So, you are saying that Mozilla should stop having long-focus technical
efforts to develop technologies to support the future of the open web, and
leave long-focus technical development to the commercial browser vendors?
Seems to me that might help the balance sheet in the short-term, at the
expense of Mozilla permanently -- and quite likely distantly -- trailing the
commercial vendors as the latters' long-focus efforts come to fruition and
Mozilla is forced to play catch-up, but Mozilla lacks such innovation of their
own.

------
chintan39
Can Firefox fall at this stage?

------
a3n
I use Firefox, mainly because I like it and it allows me to create my own
browser with addons. I don't use Chrome, mainly because I don't like it, and
it doesn't allow as much customization as Firefox; it also seems to try to
prevent me from doing things that Google doesn't like, like downloading
Youtube videos.

I sympathize with people's suspicion of advertising worming its way into
Firefox. And as the worms bore, there's a danger that Firefox as we know it
could disappear in place. If Mozilla allows its survival to depend on
advertising, it will be difficult for Mozilla to oppose advertisers.

But my greater fear is that Firefox could disappear altogether. I really don't
see how such a large organization of paid people (and I do _not_ begrudge them
their livelihood) can exist without either advertising, paid use, or some kind
of consulting. Paid use isn't looking good. I suppose it helps that Firefox is
vaguely an anti-trust antidote for Chrome.

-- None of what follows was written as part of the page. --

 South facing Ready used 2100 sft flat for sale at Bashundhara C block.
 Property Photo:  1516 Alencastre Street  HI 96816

Years ago I felt uneasy about gmail's increasing awareness of me as me. As
that unease grew over the years I thought about alternatives. Eventually I
chose a paid alternative, and I've been happy with it for a few years.

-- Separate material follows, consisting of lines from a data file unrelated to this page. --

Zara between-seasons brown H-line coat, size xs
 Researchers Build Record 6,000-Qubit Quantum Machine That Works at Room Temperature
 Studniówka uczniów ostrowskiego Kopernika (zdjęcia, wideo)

I'm feeling uneasy about Firefox now. Not so much about the danger of it
pimping for advertisers, but about its very viability. And I'm thinking about
alternatives, because as much as I'd like to, say, pay for some version of
Firefox that ensures its survival, I have zero control over whether that will
ever be on offer.

PrivateFox, from the article, is interesting, despite its problems, but it
still depends on Mozilla's survival.

What I've been gravitating toward is uzbl (which is ironically _un_ usable for
most web users today), or something like it.
[https://en.wikipedia.org/wiki/Uzbl](https://en.wikipedia.org/wiki/Uzbl)
[http://www.uzbl.org/](http://www.uzbl.org/)

It has its own existential issues, being mainly today lack of users, which
would matter later when the uzbl devs run out of interest and retire or
otherwise move on. What I like about the idea of it is that it's minimal and
composable, a la the Unix philosophy. The composable part would take much more
work on my part than merely installing a Firefox addon. But in the end it
would be _possible_ (if difficult) to create my own browser, which Firefox and
its addons make easy.

uzbl as is will never be an alternative for most web users (although some
packaging of common features could appeal to a slightly larger group). But
small niche projects do live on, and I'm hopeful for uzbl.

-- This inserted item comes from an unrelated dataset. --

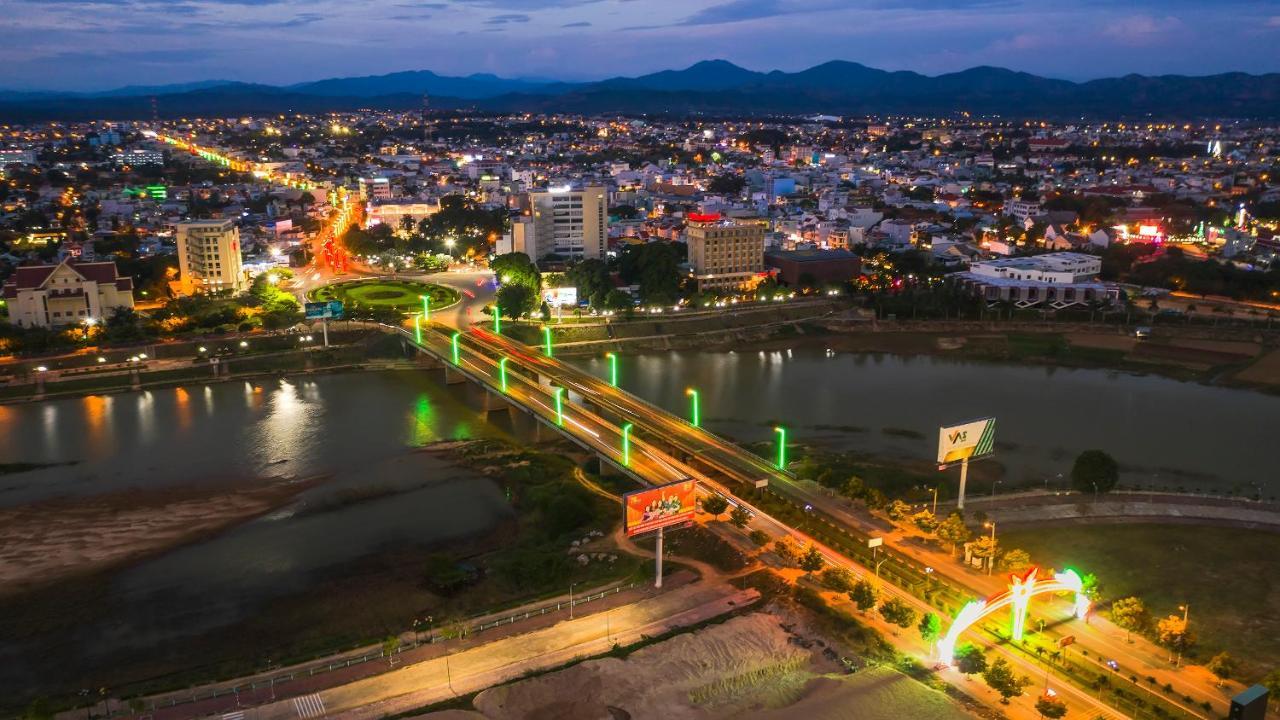Hoang Thinh Hotel Tỉnh Kontum Exterior foto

My other alternatives are along the lines of text browsers like lynx or
links2, but those are options for a true, advertising/surveillance dominated
web dystopia. Still, they're on the list. (And you web developers should be
using them now, to see what happens for users with accessibility issues, or
who just can't or won't use javascript.)
[https://en.wikipedia.org/wiki/Lynx_%28web_browser%29](https://en.wikipedia.org/wiki/Lynx_%28web_browser%29)
[https://en.wikipedia.org/wiki/Links_%28web_browser%29](https://en.wikipedia.org/wiki/Links_%28web_browser%29)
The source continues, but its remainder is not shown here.